Work instruction | Leaving pictures aside, set down each line exactly, from the first line of the data to the line with "Green front open abaya with cuff & placket", both included.

*** Study material ***

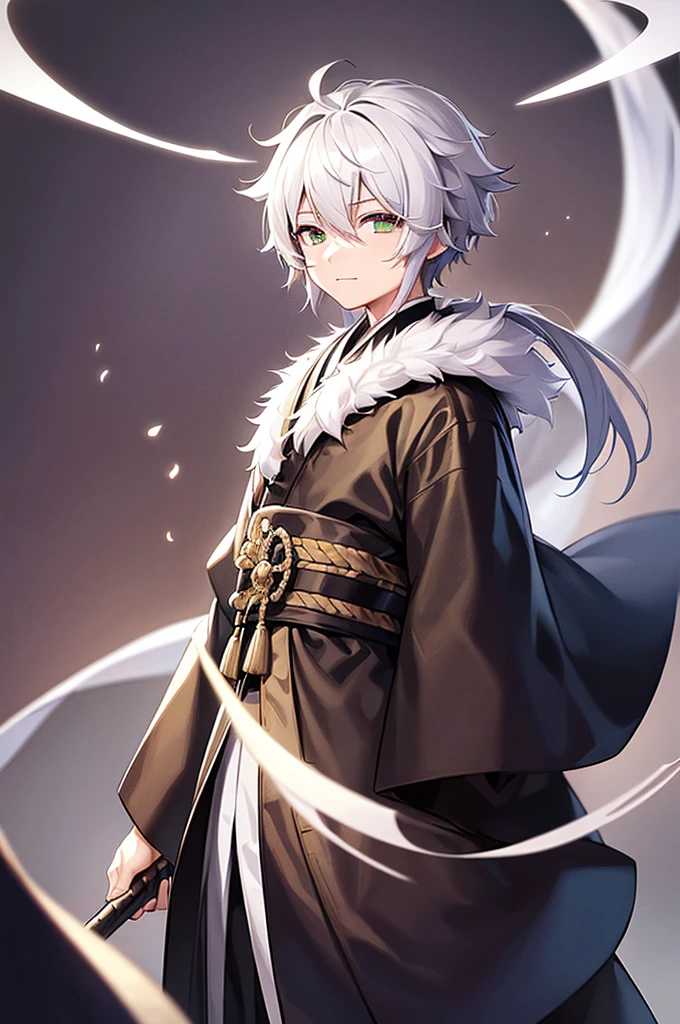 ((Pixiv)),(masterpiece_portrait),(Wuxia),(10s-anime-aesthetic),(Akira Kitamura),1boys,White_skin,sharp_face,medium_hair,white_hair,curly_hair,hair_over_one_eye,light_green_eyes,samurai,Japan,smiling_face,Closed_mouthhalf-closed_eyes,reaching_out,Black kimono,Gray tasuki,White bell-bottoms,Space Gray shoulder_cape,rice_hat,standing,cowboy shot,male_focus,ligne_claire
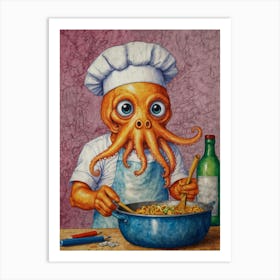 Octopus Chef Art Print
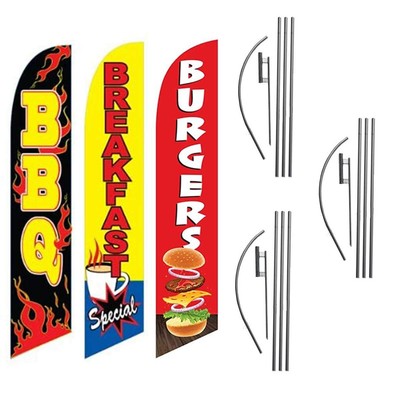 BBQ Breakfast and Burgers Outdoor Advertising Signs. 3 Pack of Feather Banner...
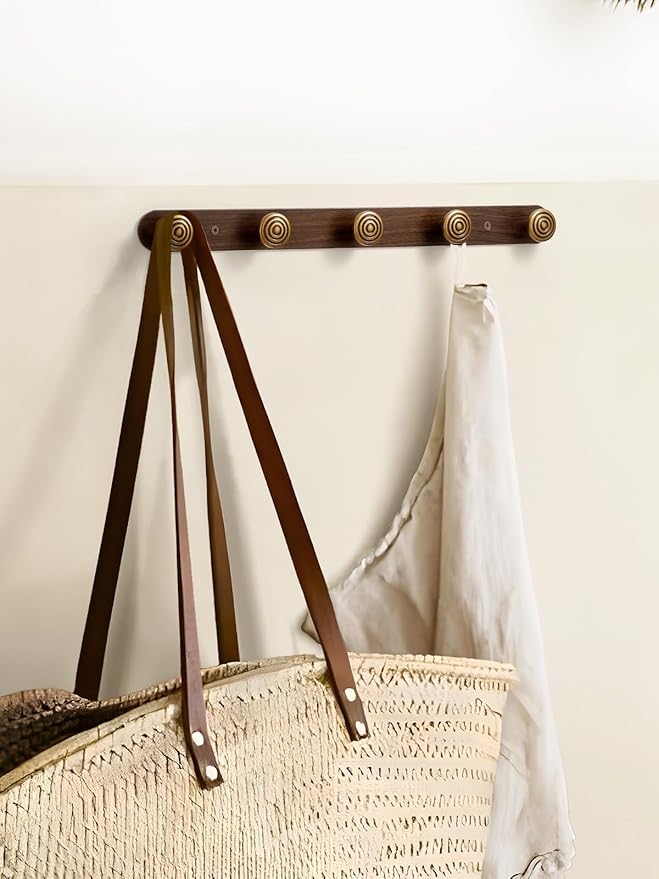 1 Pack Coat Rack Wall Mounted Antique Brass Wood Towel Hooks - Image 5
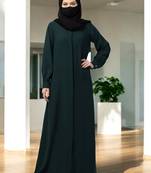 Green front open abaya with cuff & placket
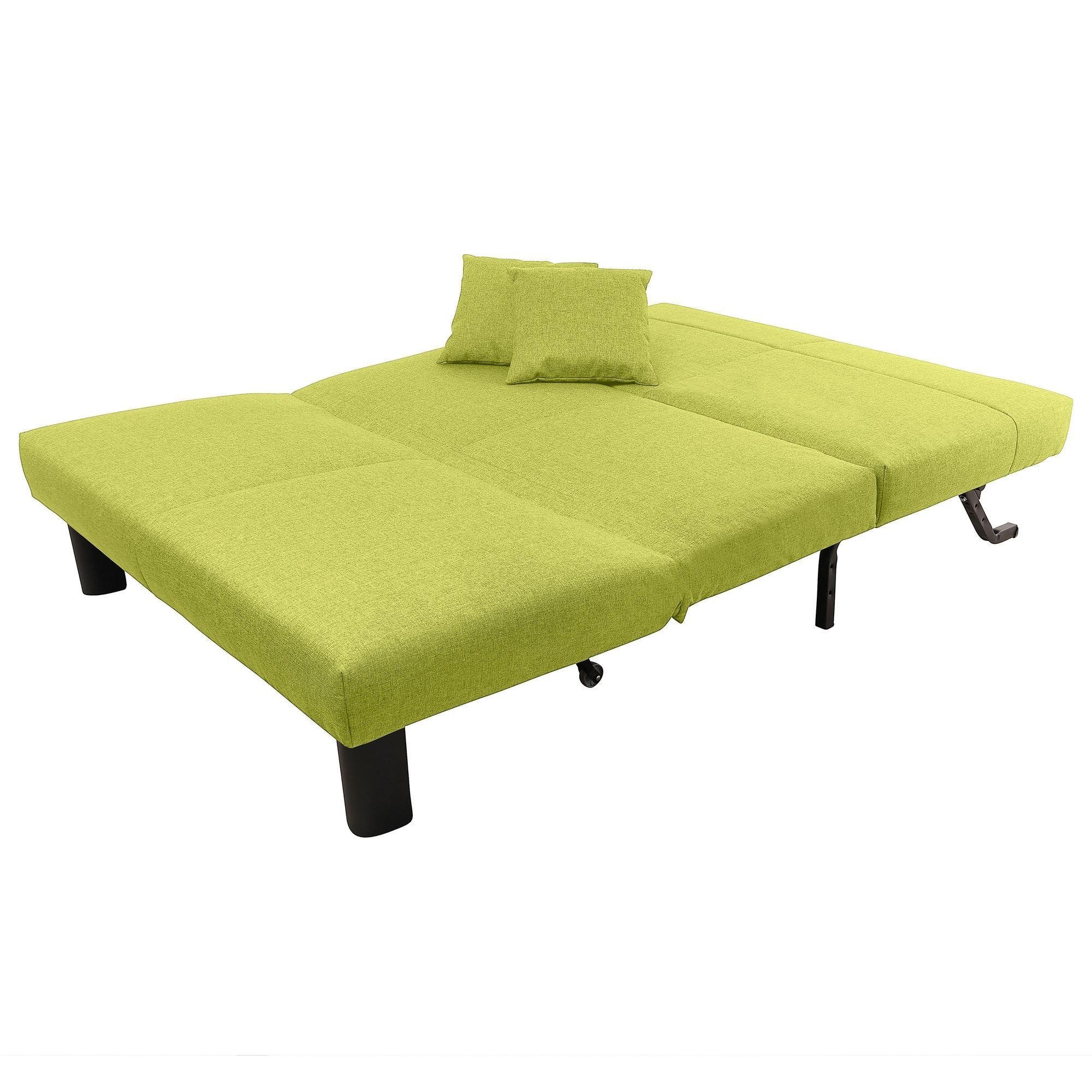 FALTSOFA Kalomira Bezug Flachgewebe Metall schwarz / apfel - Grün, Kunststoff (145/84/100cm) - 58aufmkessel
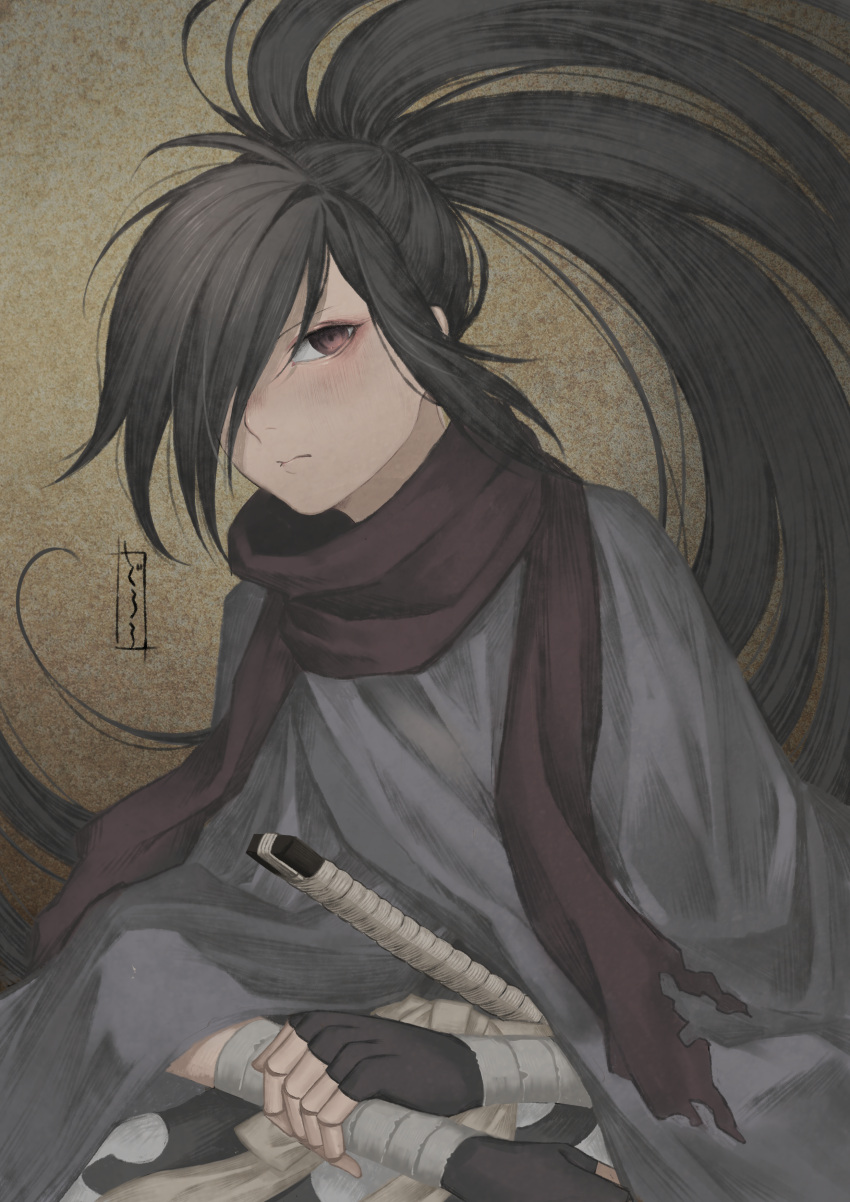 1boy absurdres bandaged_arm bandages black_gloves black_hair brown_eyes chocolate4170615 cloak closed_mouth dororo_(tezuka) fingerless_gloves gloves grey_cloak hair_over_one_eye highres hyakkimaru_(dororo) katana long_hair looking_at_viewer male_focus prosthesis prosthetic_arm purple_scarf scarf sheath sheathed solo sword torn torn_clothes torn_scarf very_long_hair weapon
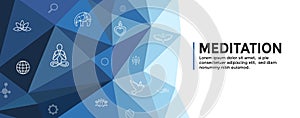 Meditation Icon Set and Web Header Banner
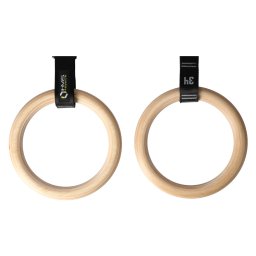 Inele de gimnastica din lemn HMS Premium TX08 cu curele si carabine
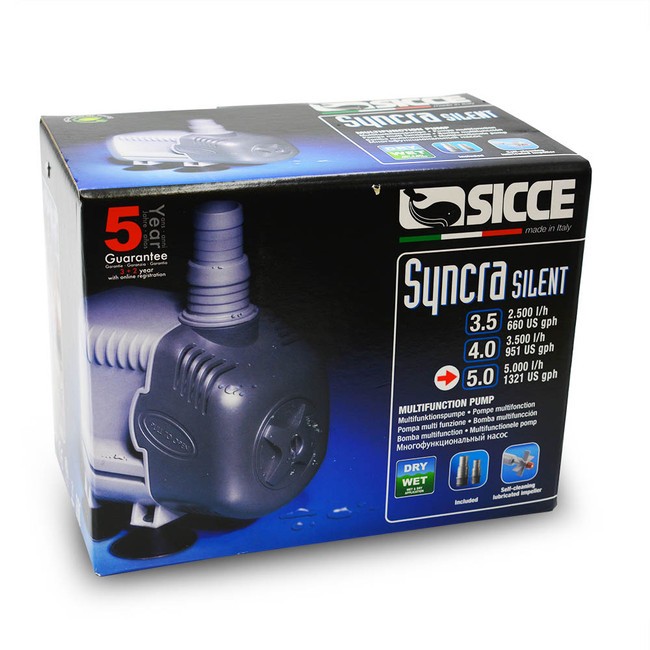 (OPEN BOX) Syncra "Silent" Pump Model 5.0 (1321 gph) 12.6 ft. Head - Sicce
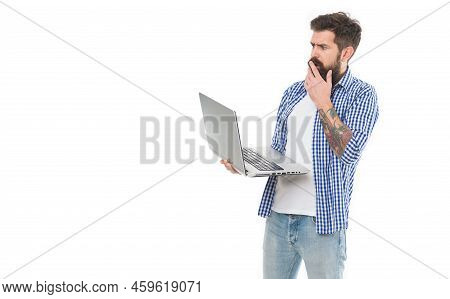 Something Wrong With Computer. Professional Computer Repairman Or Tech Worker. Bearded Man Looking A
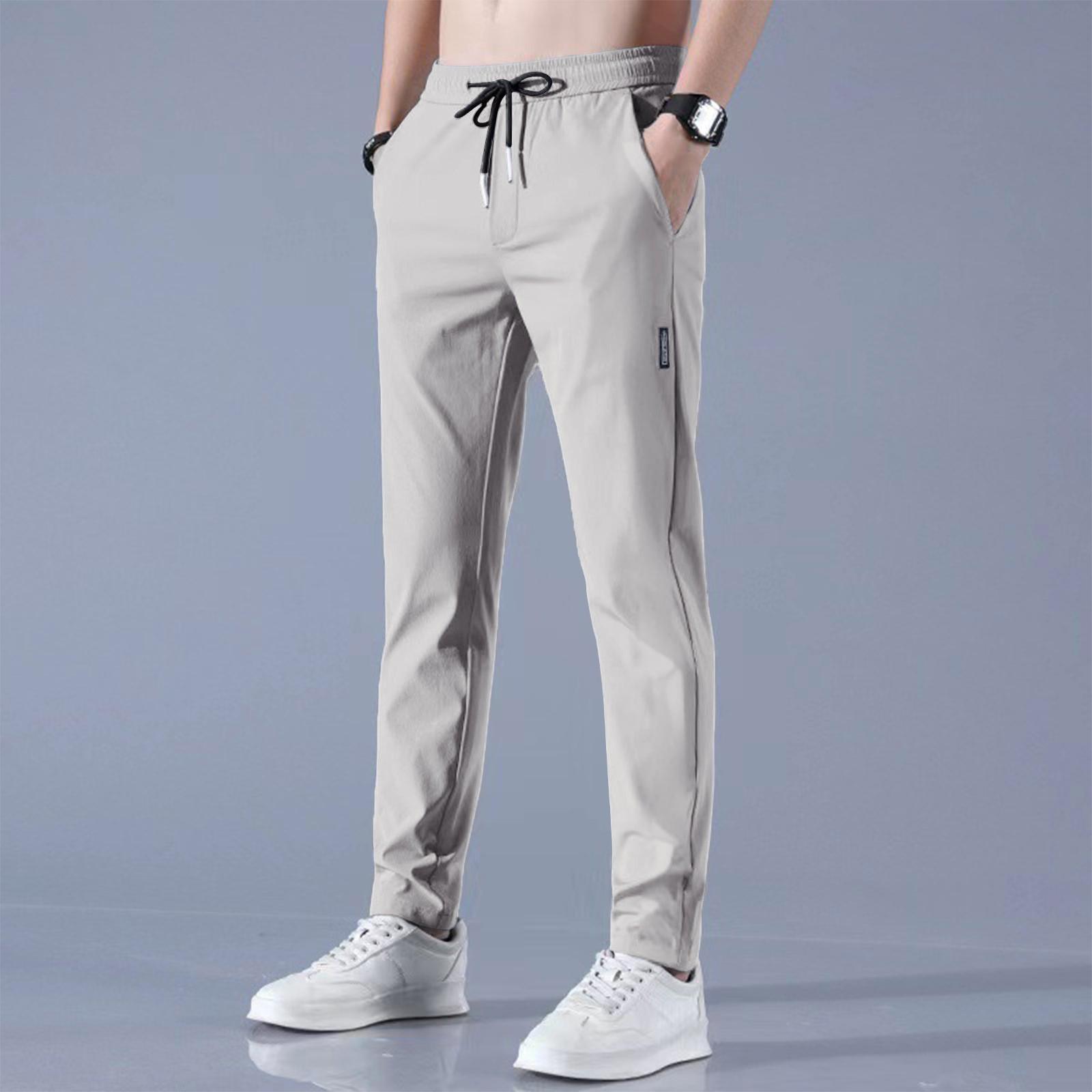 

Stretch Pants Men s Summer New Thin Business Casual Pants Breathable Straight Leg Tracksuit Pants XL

*** End of Study material ***

Problem solution |
 ((Pixiv)),(masterpiece_portrait),(Wuxia),(10s-anime-aesthetic),(Akira Kitamura),1boys,White_skin,sharp_face,medium_hair,white_hair,curly_hair,hair_over_one_eye,light_green_eyes,samurai,Japan,smiling_face,Closed_mouthhalf-closed_eyes,reaching_out,Black kimono,Gray tasuki,White bell-bottoms,Space Gray shoulder_cape,rice_hat,standing,cowboy shot,male_focus,ligne_claire
 Octopus Chef Art Print
 BBQ Breakfast and Burgers Outdoor Advertising Signs. 3 Pack of Feather Banner...
 1 Pack Coat Rack Wall Mounted Antique Brass Wood Towel Hooks - Image 5
 Green front open abaya with cuff & placket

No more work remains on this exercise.